Convicted killer Hemy Neuman’s insanity defense was torpedoed by his alleged paramour’s perjured testimony from the witness stand, the former GE executive’s attorneys argued Tuesday at a hearing to grant their client a new trial.
“Without (Andrea Sneiderman’s) testimony, we believe it’s an entirely different trial,” Neuman co-counsel Scott Key said.
The Dunwoody widow, whose husband was fatally shot by Neuman, her former boss, in November 2010 outside their son’s daycare facility, was convicted last August on nine of 13 felony counts, including perjury, making false statements to investigators and hindering the apprehension of a criminal.
DeKalb County Deputy Chief Assistant District Attorney Anna Cross said Sneiderman’s testimony was not crucial to the prosecution of Neuman, who was sentenced to life in prison two years ago.
“The state can and did prove Hemy Neuman murdered Rusty Sneiderman completely outside of Andrea Sneiderman’s testimony,” Cross said Tuesday.

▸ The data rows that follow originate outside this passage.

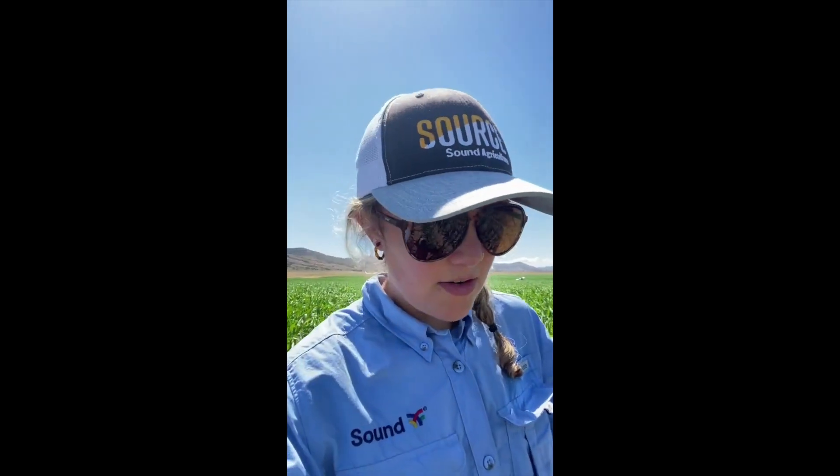Hey, it's Jessica, senior agronomist here at Sound Agriculture. I'm in a field in Utah today taking tissue and soil samples. We're doing soil health samples on a lot of the fields we're working on this year to test how the microbiome of the soil — also known as the bugs and all the fun microbial activity in the soil — changes when SOURCE is applied to the field.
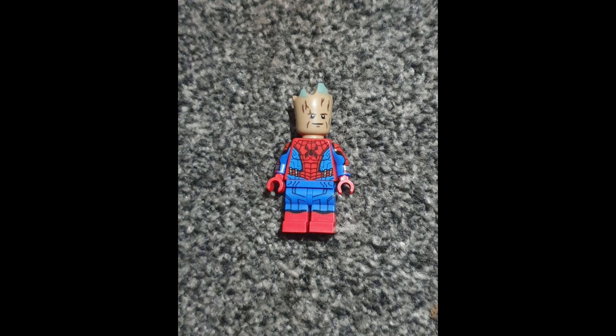He'd only be able to say 'I am Groot,' so there would be no funny quips — or if there were funny quips, not many people would be able to understand them because it would just be 'I am Groot' over and over.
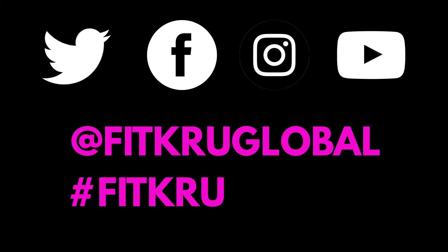If you want to join Fit Crew on this challenge, head over to our YouTube channel and subscribe now. We will see you there. Thank you. Bye!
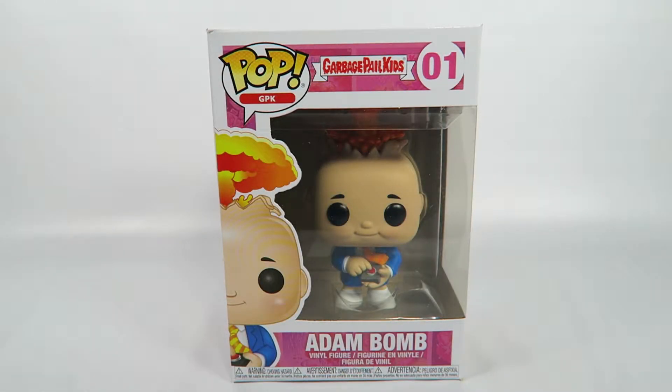Hey guys, how's it going? Today we're going to be opening up another Funko Pop Vinyl figure, this one from the Garbage Pail Kids, number 01, Atom Bomb.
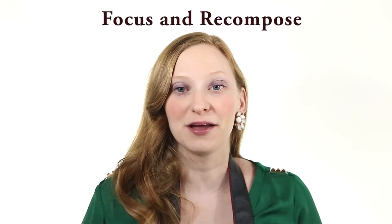In this video, we're going to go over a technique that's going to make a huge difference in your photography — known as focus and recompose.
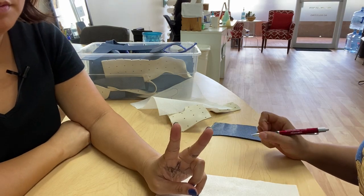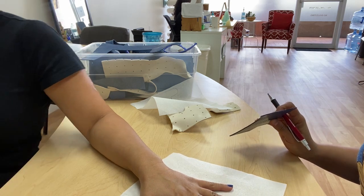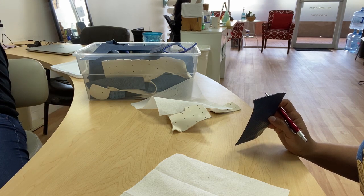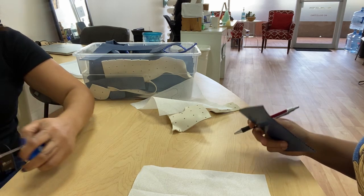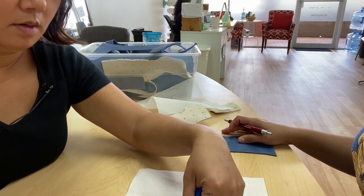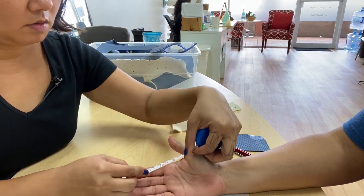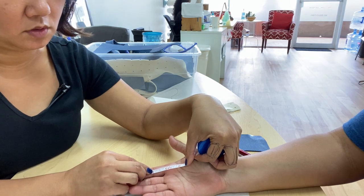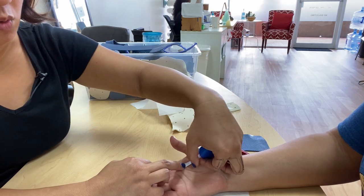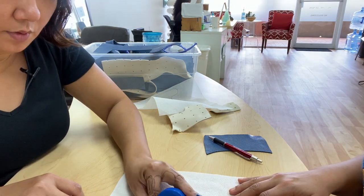I'm going to show you two ways of measuring. You can measure with a tape measure. So let me borrow your hand real quick. From the PIP, we're going to do it for the index finger. We'll make it right from the PIP, just so it's a little bit long. We're going to make it two inches and a quarter. Two inches and a quarter.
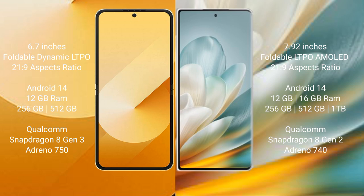The Samsung Galaxy Z Flip 6 runs on Android 14 operating system. The Honor Magic VS 3 also runs on Android 14. The Samsung Galaxy Z Flip 6 comes with 12 GB RAM and 256 GB or 512 GB internal storage, with a Qualcomm Snapdragon 8 Gen 3 processor and Adreno 750 GPU.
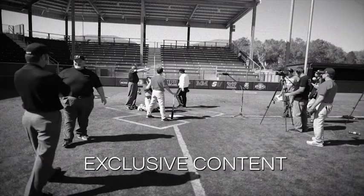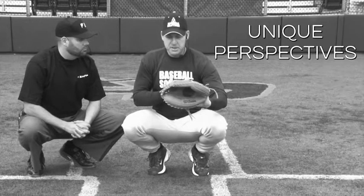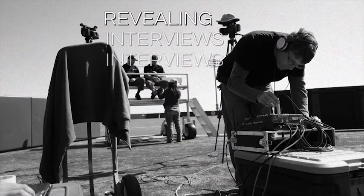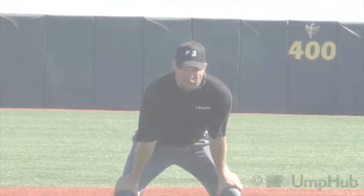Umphub, the official source. Casey Mosier for umphub.com.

Sneiderman was grilled vigorously by the state and the defense when she took the stand in Neuman’s trial two years ago. Prosecutors said at the time she was called as a witness to establish motive but she ended up helping the state mount its case against her.
Neuman’s attorneys said she did just as much damage to their client’s defense.

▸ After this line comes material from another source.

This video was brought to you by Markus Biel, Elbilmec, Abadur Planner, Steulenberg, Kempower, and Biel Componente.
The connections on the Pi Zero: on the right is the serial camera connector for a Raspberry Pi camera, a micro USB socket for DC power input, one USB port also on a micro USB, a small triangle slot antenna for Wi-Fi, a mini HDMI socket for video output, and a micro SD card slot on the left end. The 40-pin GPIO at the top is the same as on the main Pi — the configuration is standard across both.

“Lying about the affair (with Neuman) did not help the defense,” Key said. “The affair released a set of emotions from our client that contributed to or led to his descent into insanity.”
Sneiderman insists she was never romantically involved with Neuman, despite significant evidence indicating an affair took place.
“The defense was premised on the fact that there was a relationship … that led him to insanity,” Key said. “If she lied about it, if she said a relationship didn’t happen, that undermined the central component of the defense.”
The defense argued she was not in love with her boss but rather used him to get out of an unhappy marriage.
“Hemy Neuman was a mentally ill sick man who was being manipulated, lied to and taken advantage of by Andrea Sneiderman,” Key said.
Cross said Sneiderman’s misstatements were thoroughly vetted during Neuman’s trial.
“There’s no due process violation, there’s no hiding evidence,” Cross said.
Neuman, who did not testify in his own defense and has yet to speak publicly about the murder or the alleged affair with his victim’s spouse, maintained his silence Tuesday. Sporting a couple of days worth of stubble and dressed in a prison-issue orange jumpsuit, he no longer looks like the executive that stood trial in early 2012.
DeKalb County Superior Court Judge Gregory A. Adams said he would consider the motion for a new trial but didn’t say when he would announce his decision. Neuman co-counsel Doug Peters said the defense will seek a ruling from an appellate court if the judge rejects the motion. He said he believes Neuman should be found not guilty by reason of insanity.
Sneiderman, sentenced last August to five years on each guilty count to run concurrently, is eligible for parole in late April.